*** Opening Recorded information ***

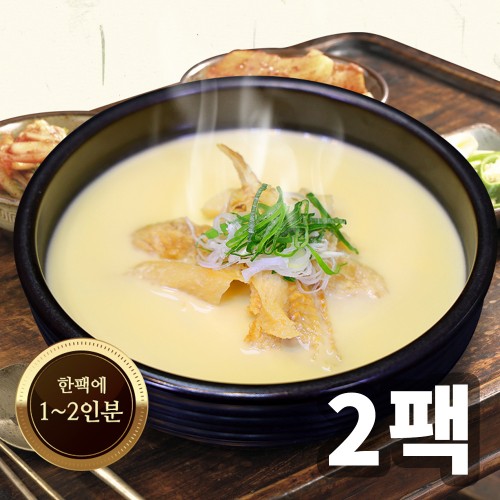 마카푸드 황태만상 황태진국 450g 2팩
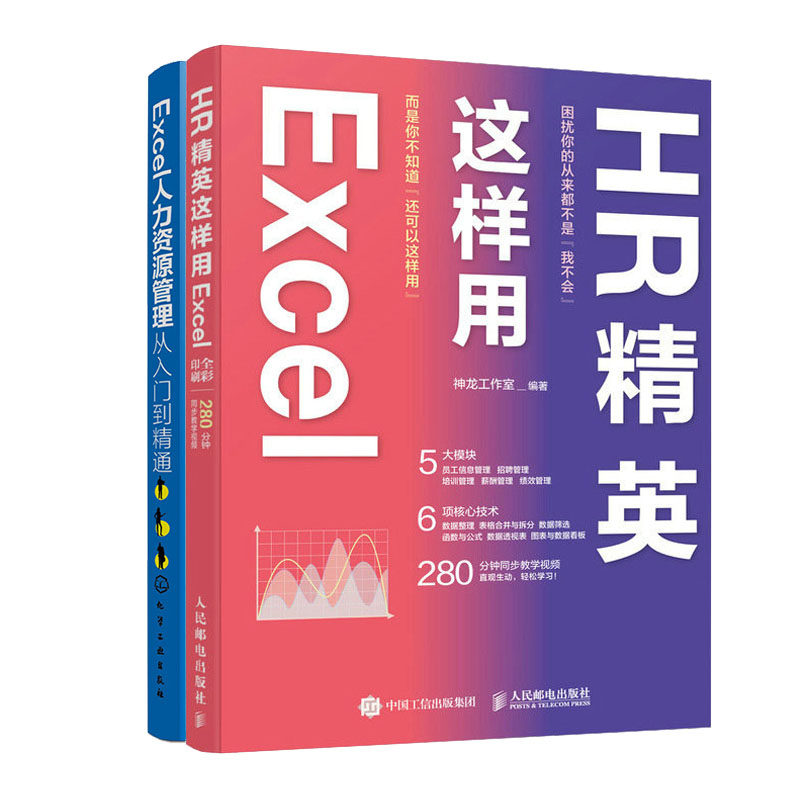 HR英这样用Excel+Excel人力资源管理从入门到通书籍
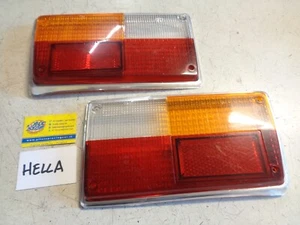 COPPIA PLASTICHE FANALI POSTERIORI VOLVO 240 - 242 - 244 - DAL 74 AL 79 - HELLA - Imagen 1 de 3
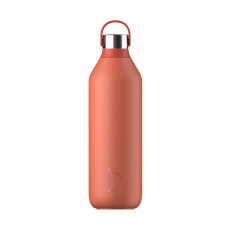 Термос Chilly's Bottles Series 2, 1 л, красный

*** Closing Recorded information ***

* [Assignment]: Leave the pictures out and set down the rest of the listing above exactly.

* [Reply to the task]:
 마카푸드 황태만상 황태진국 450g 2팩
 HR英这样用Excel+Excel人力资源管理从入门到通书籍
 COPPIA PLASTICHE FANALI POSTERIORI VOLVO 240 - 242 - 244 - DAL 74 AL 79 - HELLA - Imagen 1 de 3
 Термос Chilly's Bottles Series 2, 1 л, красный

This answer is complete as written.